From: Effective Internet Search: Basic Tools and Advanced Strategies. Films Media Group, 2011. Films On Demand. Web.
As you gather sources, be critical about the information you include in your finished product. Select the most reliable sources that do the best job of answering your research question. Use the following criteria as a guide:
What are the author's credentials and affiliations?
Is the publisher or journal known and reputable?
Is information about the author/creator easy to find?
Is there an "About" page or contact information provided?
What ending does the web address have? (For example: .org, .edu, .com)
Does the author provide references to support his/her statements?
Is the source peer-reviewed? (Has the information been verified by other professionals or researchers in the field?)
Does the website have any disclaimers waiving responsibility for the information?
Are there any spelling or grammatical errors?
How current does your information need to be?
What is the publication date?
Is the information outdated?
Does the article or website have a publication date?
Has the website been updated recently?
Do all of the links work?
Who is the audience: the general public, professionals, or researchers?
Is the information general or in-depth?
Does the website provide links to relevant outside sources?
Point of View
Is the information balanced and without bias?
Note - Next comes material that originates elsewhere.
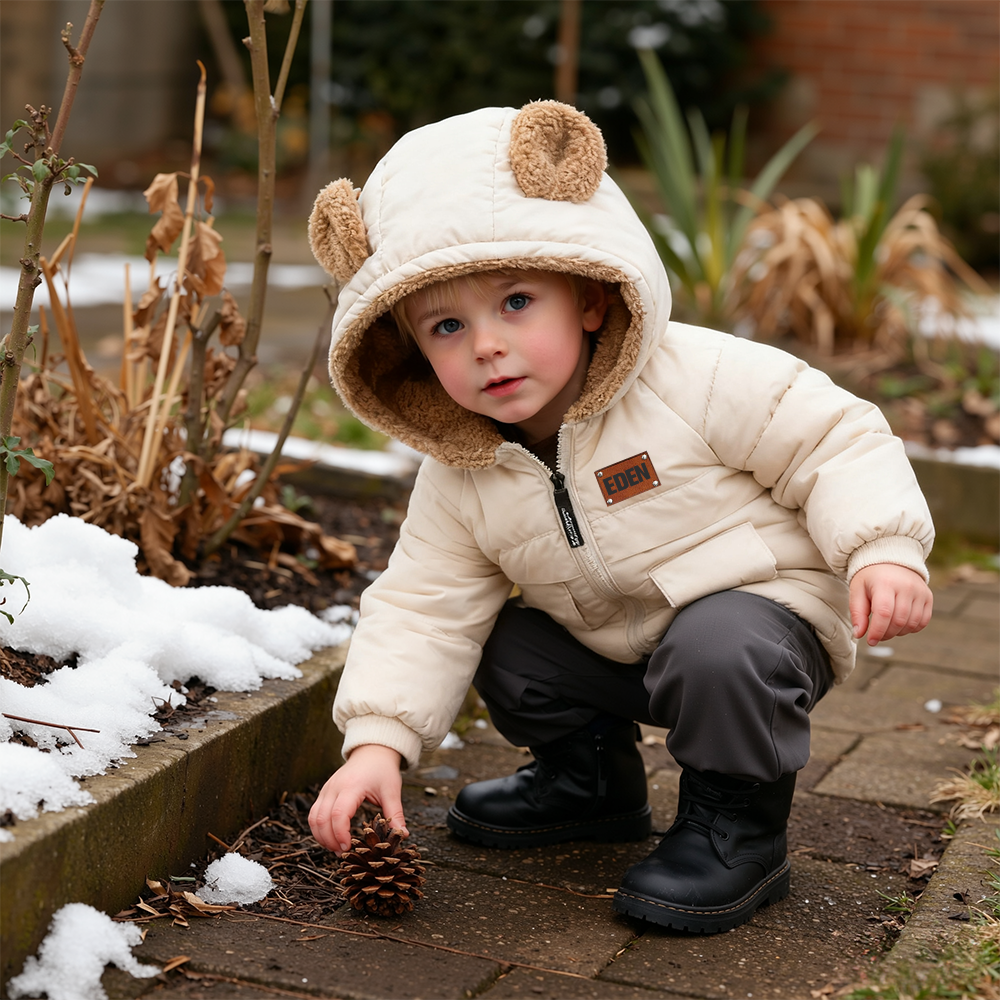 Personalized Leather Patch Kids Bear Ear Puffer Jacket| Cloth256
Does the author have a specific goal or objective? (For example: to persuade, to entertain, to inform?)
Why was the website created?
Are there paying sponsors or advertisements on the website?
Look for patterns, connections, trends, and generalizations in the information. A visual organizer, such as a cause and effect map or compare and contrast map, may help you group together information in meaningful ways and draw conclusions. Make sure your conclusions are supported by evidence from your research.